When will a fix ship in Chrome (stable or canary)?
Here's a quick guide on how to track changes as they make their way to releases of Chrome.
This includes all changes to Chrome, including stuff for HTML, CSS, DOM, & DevTools.
On chromestatus.com?
First things first, chromestatus.com was built for this. If the feature is big, it will probably be there.
On the left you can see all features currently in beta. Those should be in stable soon.
You can search for other features and view what release they are Enabled by default.
Not on Chromestatus?
Alright, buckle up. This is fun stuff.
It all comes down to tracking the Chromium revision number.
- First, we're assuming you're looking at the bug somewhere in code.google.com/p/chromium/issues/
- Now, when a commit lands, an automated comment is added to the Chromium bug.

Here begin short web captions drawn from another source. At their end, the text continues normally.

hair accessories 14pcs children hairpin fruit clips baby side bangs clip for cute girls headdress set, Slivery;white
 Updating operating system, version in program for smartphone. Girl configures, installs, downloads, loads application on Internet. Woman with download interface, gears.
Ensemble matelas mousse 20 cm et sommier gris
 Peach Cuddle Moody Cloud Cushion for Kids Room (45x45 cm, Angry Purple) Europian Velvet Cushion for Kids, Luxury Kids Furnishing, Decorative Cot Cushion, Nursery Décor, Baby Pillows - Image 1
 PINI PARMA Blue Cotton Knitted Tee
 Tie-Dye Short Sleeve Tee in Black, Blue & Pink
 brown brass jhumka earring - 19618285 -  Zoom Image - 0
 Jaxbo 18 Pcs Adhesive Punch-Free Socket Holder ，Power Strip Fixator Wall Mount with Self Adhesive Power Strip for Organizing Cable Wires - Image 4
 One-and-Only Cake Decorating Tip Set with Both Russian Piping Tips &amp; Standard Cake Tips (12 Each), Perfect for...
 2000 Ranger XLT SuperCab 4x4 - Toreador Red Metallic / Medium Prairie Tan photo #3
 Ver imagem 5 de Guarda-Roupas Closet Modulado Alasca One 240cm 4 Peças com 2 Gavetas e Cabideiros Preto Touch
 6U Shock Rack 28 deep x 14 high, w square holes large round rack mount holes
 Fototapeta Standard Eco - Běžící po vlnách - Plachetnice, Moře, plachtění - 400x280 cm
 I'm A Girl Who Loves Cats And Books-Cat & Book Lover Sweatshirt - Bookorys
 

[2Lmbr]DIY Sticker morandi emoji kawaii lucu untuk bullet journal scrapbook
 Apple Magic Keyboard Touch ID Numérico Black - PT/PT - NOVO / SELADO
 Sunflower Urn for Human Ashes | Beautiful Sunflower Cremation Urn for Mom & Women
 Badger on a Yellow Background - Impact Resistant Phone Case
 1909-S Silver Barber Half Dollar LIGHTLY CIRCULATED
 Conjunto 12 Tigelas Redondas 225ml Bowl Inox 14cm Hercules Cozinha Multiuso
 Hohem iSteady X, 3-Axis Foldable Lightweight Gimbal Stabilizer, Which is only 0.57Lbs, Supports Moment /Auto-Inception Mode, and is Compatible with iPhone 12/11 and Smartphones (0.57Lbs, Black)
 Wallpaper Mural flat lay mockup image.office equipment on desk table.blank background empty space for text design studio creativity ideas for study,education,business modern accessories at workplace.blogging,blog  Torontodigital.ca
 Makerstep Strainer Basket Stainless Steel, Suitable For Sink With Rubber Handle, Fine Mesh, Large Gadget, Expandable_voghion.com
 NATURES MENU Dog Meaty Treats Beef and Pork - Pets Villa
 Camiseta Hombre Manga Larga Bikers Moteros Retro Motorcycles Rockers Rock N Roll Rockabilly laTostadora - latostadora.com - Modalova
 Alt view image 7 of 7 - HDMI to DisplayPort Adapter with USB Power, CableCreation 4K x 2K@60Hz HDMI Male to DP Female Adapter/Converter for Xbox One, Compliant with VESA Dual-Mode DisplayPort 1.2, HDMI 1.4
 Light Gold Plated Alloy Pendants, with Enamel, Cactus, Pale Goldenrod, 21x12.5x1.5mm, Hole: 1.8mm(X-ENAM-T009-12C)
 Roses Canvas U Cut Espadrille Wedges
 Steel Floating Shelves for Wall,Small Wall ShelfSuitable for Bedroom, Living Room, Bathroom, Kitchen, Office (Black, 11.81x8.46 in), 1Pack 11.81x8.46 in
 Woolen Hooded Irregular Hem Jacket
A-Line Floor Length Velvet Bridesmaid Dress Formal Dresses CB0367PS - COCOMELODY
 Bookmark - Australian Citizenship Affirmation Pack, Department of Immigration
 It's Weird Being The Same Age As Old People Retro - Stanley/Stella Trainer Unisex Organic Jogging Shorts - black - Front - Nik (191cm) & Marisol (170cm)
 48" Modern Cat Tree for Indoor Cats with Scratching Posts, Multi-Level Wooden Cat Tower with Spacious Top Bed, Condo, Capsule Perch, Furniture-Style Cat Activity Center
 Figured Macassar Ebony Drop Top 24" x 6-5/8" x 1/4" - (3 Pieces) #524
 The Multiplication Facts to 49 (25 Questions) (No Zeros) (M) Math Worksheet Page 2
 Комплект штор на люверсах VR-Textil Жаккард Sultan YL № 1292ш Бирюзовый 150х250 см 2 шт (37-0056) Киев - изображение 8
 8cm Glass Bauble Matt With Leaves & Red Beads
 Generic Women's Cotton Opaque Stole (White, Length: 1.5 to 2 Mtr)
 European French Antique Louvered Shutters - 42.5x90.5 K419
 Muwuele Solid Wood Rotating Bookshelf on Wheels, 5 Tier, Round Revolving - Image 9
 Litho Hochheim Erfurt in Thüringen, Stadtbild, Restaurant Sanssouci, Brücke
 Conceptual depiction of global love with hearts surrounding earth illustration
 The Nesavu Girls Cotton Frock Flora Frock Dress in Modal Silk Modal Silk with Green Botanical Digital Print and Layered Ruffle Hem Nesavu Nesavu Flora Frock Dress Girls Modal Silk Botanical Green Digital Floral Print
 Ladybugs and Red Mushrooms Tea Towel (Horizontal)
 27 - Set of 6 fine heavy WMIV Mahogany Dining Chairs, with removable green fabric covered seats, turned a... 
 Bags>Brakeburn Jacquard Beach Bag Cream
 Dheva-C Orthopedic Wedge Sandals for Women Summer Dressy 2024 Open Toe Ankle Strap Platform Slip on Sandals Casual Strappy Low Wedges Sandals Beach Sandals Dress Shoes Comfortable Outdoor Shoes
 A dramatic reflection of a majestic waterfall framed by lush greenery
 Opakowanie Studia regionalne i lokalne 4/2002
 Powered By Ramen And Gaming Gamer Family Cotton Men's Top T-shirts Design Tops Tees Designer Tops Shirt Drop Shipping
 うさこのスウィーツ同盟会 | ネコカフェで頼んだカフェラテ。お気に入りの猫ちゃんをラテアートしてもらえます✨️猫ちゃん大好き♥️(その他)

- All commits have a git hash and an incremental revision number.
- You can see the commit below has 373417.
- Take note of this number and follow on…
Waiting for it to hit Chrome Stable?
Generally it takes ~10 weeks from a commit landing to hit stable.
Take the Chromium revision number (or the git SHA) and drop it into storage.googleapis.com/chromium-find-releases-static/ Visit ==https://omahaproxy.appspot.com== for the version numbers of the current releases of Chrome.
When does version X ship in stable channel?
- Chrome ships a new major version to stable generally every 6 weeks, but in some cases we may choose to skip a release.
- Chromium Development Calendar and Release Info contains "Estimated Stable Dates", which are roughly 6 weeks apart.
Waiting for it to land in Canary or an Dev build?
You could use the above technique... but here's the guide for hackers or folks who don't want to wait for Canary or Dev Channel:
Get a fresh Chromium build
- Get the latest chromium in either of these two ways: Download
Chromium
- These builds are generated every hour, so you should be fine.
- Canary is updated every day (at ~4am PST).
- Either way, open up either and go to about:version
- At the end of the Revision line is the Chromium Rev.
- As long as that rev number is higher than the one you're interested
in... you're good!
- (Of course this assumes no reverts of either the commit or the DEPS roll, but you'll probably have spotted those already)
Enjoy the fix or feature you've been waiting for!